Proxmox Kernel 6.8.12-2 Freezes (again)

Decco1337

Member
Apr 12, 2023
42
3
8
Hello there,

I’ve updated to Proxmox Kernel 6.8.12-2 and have freezes again on my servers. With 6.8.12.-1 it was nearly stable (just one server had issues).

Unfortunately nothing in the logs, the server is dead and need to be rebooted manually.

Anyone with the same experience? Any further idea to fix that issue to 100%?

This solution https://www.thomas-krenn.com/de/wiki/Known_Issues_Proxmox_VE_8.2 fixed the issue to 99%, as I said one host had an issue. I replaced it and after a week the issue came back.

Now with the newest kernel the issue occurred on multiple updated hosts.
 
  • Like
Reactions: boxcee
I did the same tweaks from Thomas Krenn.
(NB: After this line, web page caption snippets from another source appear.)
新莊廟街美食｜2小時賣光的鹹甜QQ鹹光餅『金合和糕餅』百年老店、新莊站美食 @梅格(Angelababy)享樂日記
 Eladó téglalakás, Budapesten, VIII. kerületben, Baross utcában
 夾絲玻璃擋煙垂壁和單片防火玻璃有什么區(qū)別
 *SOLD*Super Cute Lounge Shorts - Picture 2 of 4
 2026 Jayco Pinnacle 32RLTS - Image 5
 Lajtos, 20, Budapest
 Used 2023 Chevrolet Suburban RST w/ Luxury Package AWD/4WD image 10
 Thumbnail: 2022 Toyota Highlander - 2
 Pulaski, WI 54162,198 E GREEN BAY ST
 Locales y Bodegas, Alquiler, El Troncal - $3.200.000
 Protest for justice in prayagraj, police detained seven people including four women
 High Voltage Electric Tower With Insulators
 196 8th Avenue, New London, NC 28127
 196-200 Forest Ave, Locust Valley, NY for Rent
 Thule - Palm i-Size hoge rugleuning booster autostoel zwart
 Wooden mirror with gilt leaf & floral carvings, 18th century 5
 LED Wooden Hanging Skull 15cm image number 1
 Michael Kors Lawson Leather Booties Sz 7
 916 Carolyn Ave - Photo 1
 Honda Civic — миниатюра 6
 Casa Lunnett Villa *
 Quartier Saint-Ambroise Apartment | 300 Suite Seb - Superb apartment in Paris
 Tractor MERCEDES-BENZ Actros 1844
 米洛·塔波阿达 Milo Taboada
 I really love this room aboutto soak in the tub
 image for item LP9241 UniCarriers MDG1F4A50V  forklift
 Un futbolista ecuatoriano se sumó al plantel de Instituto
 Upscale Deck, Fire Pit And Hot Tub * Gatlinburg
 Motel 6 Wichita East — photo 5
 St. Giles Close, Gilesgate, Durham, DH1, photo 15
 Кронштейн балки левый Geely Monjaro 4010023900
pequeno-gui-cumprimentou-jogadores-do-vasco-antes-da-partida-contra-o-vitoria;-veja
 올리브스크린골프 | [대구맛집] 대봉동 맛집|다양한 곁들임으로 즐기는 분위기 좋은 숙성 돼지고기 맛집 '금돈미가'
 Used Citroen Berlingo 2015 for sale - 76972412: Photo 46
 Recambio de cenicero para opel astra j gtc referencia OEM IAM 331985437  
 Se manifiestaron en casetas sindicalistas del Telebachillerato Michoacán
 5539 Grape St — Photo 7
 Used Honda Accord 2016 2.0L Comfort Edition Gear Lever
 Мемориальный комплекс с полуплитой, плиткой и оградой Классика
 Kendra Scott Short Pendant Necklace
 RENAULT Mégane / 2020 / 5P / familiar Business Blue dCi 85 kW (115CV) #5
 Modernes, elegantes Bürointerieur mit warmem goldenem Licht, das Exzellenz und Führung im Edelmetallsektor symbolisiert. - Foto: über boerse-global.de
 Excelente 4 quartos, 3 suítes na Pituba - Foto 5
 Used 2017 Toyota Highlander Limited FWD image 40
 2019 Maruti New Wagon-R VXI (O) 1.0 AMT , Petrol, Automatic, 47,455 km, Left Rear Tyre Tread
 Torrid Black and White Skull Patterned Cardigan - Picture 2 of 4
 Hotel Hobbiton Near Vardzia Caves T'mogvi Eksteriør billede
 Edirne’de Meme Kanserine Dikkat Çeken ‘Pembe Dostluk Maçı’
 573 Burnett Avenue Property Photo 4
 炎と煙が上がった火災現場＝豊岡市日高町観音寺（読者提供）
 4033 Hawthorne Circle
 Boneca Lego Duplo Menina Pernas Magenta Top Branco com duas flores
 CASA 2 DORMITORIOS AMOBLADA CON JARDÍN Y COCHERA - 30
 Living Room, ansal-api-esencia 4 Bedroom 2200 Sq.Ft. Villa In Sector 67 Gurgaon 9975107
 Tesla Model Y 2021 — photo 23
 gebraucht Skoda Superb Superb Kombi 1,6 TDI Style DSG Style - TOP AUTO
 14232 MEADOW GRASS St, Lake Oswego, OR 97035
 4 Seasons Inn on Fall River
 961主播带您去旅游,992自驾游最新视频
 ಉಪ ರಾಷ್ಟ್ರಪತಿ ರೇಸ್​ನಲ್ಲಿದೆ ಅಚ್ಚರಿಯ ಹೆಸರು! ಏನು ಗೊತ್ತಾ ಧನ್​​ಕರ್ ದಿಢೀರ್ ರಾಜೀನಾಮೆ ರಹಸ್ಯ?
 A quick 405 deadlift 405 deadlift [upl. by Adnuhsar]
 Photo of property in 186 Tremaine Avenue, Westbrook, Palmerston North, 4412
And hope it fixes it. Perhaps now, that kernel 6.11 is out, there is a chance that 6.10 comes to Proxmox.
Hopefully! Honestly I am very careful right now with the kernel updates. Just upate the kernel and the hosts are going to freeze or crash again...
 
I observed the same behavior at one customer of mine, is there a tracking ticket at https://bugzilla.proxmox.com/ already (I couldn't find any), where one could provide further information that might be useful for Proxmox team/developers?
Thanks for sharing your experience! As far as I know there is no ticket yet. Unfortunately also a bit tricky as I have no issues in the logs...
 
Quiet unbelievable as we didn't observed any freezes (or other bugs) with any 6.8 kernel version on our 4 (dell t620/T430) pve's yet, actual running 6.8.12-2.
 
  • Like
Reactions: Decco1337
Quiet unbelievable as we didn't observed any freezes (or other bugs) with any 6.8 kernel version on our 4 (dell t620/T430) pve's yet, actual running 6.8.12-2.
Which CPU type do you use for the VMs, are you running Windows VMs? I found out that it also depends which CPU type you use and if you have Windows VMs. Also nested virt made issues with the kernel. But I also had these issues with the 6.5 kernel.

I am also sure that it cannot be a hardware issue as I use multiple servers and already replaced a lot :D I also have no strange configs on the servers, just fresh installed Proxmox, the changes from Thomas Krenn (https://www.thomas-krenn.com/de/wiki/Known_Issues_Proxmox_VE_8.2) and VMs.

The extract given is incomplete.